Private equity-owned off-licence chain Bargain Booze is poised to take on Spar, Costcutter and Londis with a new c-store format.
The chain has been developing the offer for the past 12 months and is set to unveil it in the summer.
The group, which is owned by ECI Partners, has finalised a name and fascia for the format, though it is refusing to reveal details until the concept is officially launched this summer.
Joint MD Matthew Hughes said a Bargain Booze at Select & Save trial, which began last October at a store in Manton, Notts, had proved the Bargain Booze model could complement a strong convenience offer. "Part of what we have been doing has involved the trial with Select & Save," he said. "But we have also been working out our own route to market for our franchisees, which involves a total retail package and direct supply route."
Deals and terms have been put in place with suppliers to enable stores to compete with other leading symbol groups, he said.
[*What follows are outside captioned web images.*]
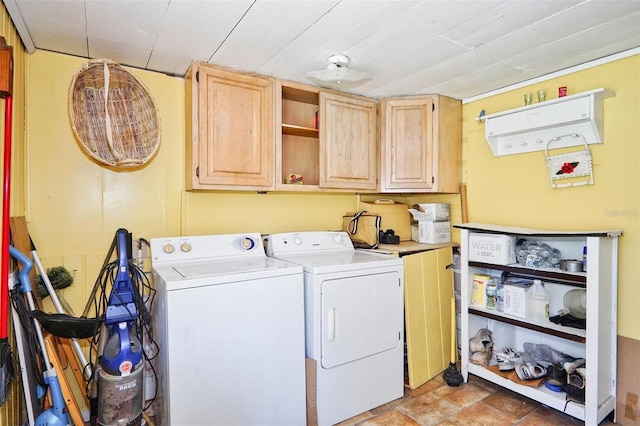 laundry area featuring washer and clothes dryer and cabinets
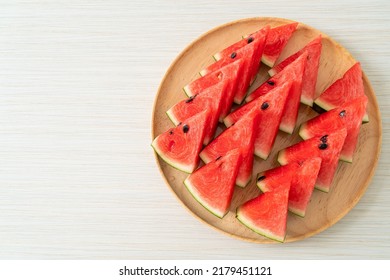 fresh watermelon sliced on wooden plate - Shutterstock ID 2179451121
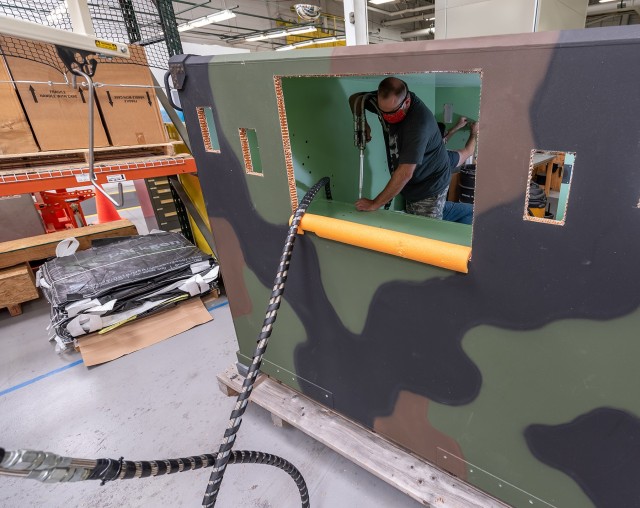 Sheet Metal Mechanics Skylar Milheim, front, and Ed Thomas installs potted inserts on an AN/TPS-80 Ground/Air Task Oriented Radar Communications Equipment Group shelter.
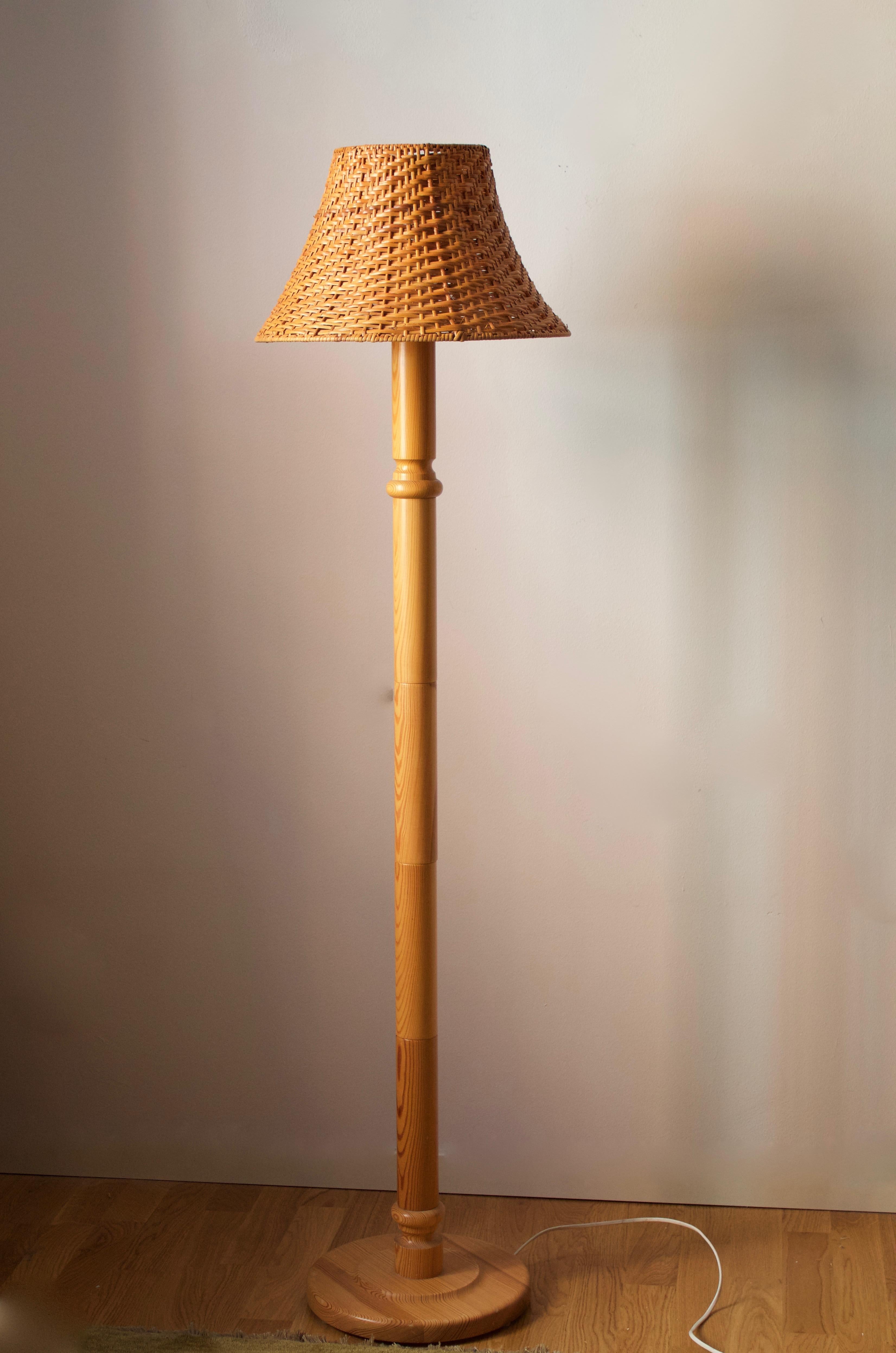 A floor lamp designed and produced in Sweden, 1970s. In solid pine. Assorted vintage rattan lampshade.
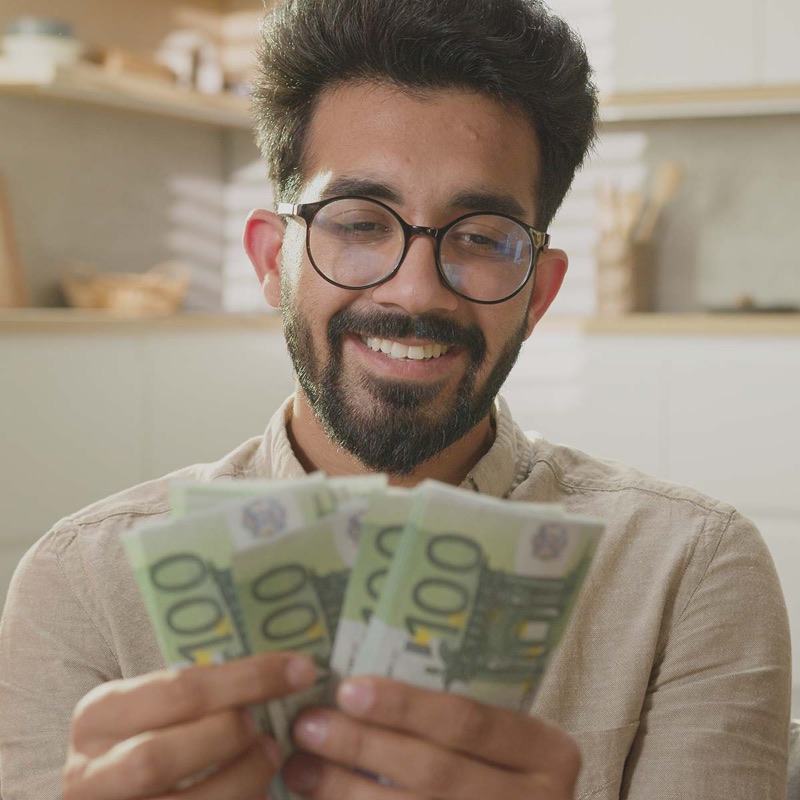 A seller happily counting cash payments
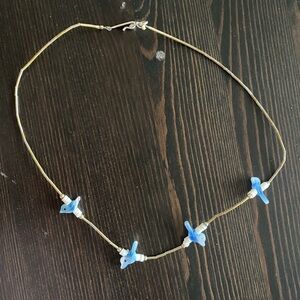 Liquid silver chocker with carved bluebirds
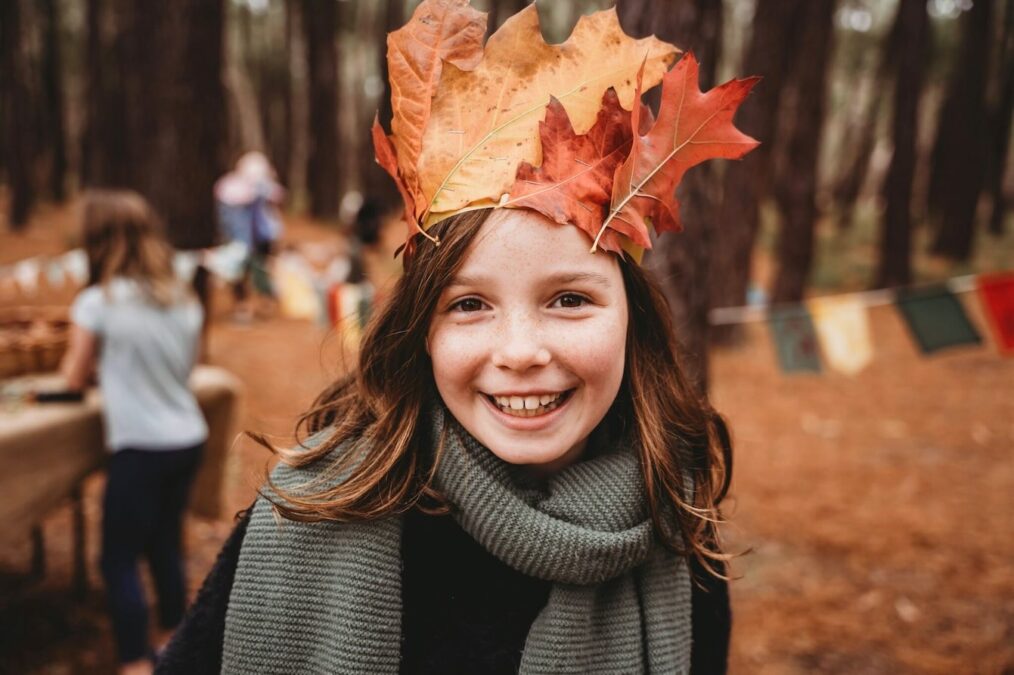 Young girl wearing a fall leaf crown and gray scarf smiles at the camera during a Dallas fall event.
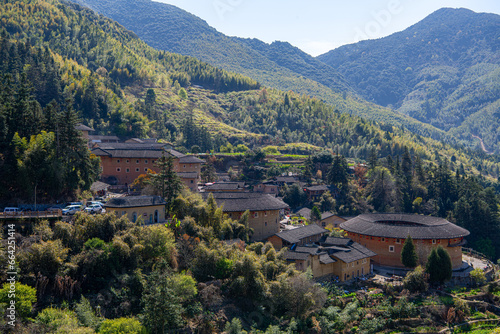 Two hundred years old Tulou in Fujian, China surrounded by the mountains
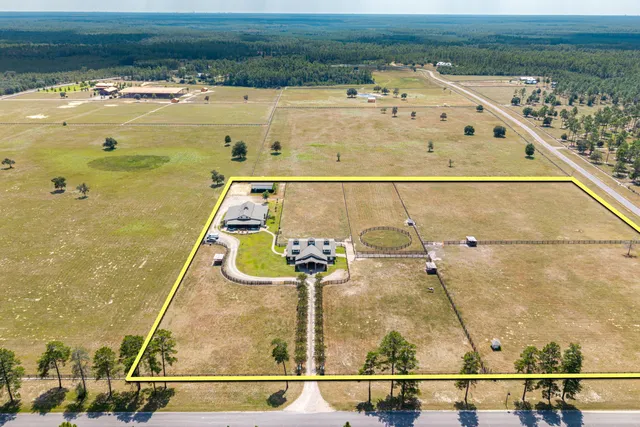 a view of a house with swimming pool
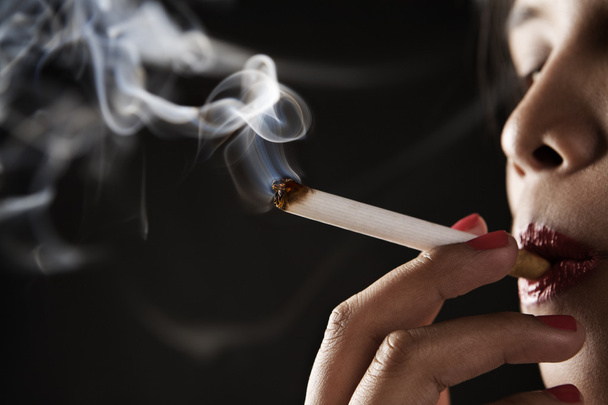 Woman smoking on dark area - Фото, изображение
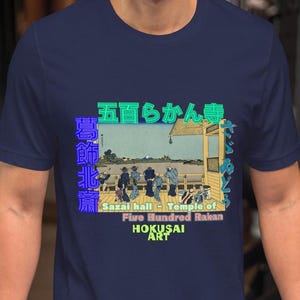 Pode incluir: Uma camiseta azul marinho com uma estampa gráfica de uma impressão japonesa em madeira que retrata um templo com pessoas em pé em uma varanda. O texto "Five Hundred Rakan" e "Hokusai Art" está impresso abaixo da imagem.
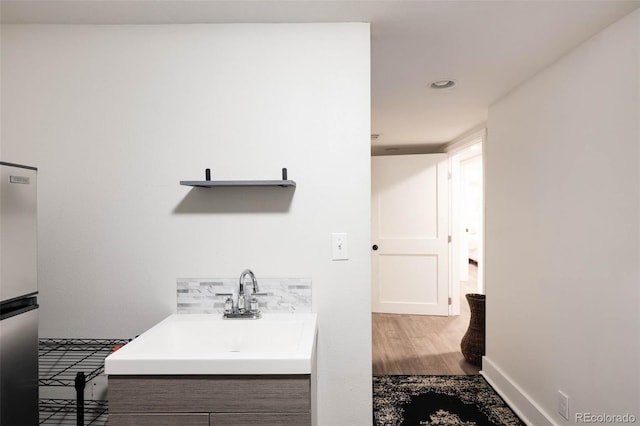 bathroom with baseboards, wood finished floors, vanity, and recessed lighting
The convenience format would be trialled at a handful of stores initially, he added. Bargain Booze franchisees have been made aware of the development, which will be available to new recruits and existing retailers with large enough stores. Bargain Booze has hired former Select & Save and Londis man Mark Crabtree to implement the strategy.
"I believe that the Bargain Booze off-licence concept is the strongest in the marketplace," said Crabtree. "The company is now close to having the wherewithal to be able to use its strength as an off-licence retailer to power highly credible c-stores."
The off-licence group currently operates 600 stores under the Bargain Booze and Thorougoods fascias.
It has added 50 new stores in the past year and is seeking out franchisees through seminars across the country. It is also piloting a joint-fascia concept with Newcastle CTN chain Finlay Newsagents.